__Exercise brief__: Go through the listing below and list every line with "Ford".
★ ★ ★ ★ ★ ★ ★
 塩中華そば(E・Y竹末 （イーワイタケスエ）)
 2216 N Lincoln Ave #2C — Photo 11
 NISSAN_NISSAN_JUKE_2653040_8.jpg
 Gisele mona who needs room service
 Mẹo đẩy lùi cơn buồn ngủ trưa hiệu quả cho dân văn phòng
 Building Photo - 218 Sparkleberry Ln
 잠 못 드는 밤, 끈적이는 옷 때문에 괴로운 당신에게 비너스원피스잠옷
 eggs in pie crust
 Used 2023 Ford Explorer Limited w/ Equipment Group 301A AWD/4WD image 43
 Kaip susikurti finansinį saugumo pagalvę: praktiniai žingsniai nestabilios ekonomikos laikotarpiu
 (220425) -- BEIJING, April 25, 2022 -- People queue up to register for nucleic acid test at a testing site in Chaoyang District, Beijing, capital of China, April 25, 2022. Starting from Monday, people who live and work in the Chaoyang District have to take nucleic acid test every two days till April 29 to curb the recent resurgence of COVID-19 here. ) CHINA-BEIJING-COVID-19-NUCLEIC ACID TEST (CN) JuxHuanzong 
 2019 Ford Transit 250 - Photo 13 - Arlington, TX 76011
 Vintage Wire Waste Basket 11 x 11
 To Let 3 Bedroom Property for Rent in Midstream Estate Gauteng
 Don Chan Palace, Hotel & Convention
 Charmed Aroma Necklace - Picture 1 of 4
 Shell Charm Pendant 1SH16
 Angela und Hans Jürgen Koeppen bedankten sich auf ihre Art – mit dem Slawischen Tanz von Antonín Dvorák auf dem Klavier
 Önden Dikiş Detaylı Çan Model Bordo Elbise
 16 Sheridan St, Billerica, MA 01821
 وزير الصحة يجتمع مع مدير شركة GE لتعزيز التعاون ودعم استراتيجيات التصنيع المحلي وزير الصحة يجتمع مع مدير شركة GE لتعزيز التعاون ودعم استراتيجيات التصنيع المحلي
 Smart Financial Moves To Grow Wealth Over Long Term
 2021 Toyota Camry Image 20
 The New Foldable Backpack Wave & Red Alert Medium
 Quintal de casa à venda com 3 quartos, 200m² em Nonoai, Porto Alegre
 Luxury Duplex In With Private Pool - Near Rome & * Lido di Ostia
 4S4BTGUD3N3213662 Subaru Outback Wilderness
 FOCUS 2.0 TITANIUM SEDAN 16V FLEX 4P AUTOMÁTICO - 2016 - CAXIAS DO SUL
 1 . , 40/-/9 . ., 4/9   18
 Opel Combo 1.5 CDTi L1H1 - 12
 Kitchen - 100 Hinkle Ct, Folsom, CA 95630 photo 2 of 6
★ ★ ★ ★ ★ ★ ★
__Worked solution__:
 Used 2023 Ford Explorer Limited w/ Equipment Group 301A AWD/4WD image 43
 2019 Ford Transit 250 - Photo 13 - Arlington, TX 76011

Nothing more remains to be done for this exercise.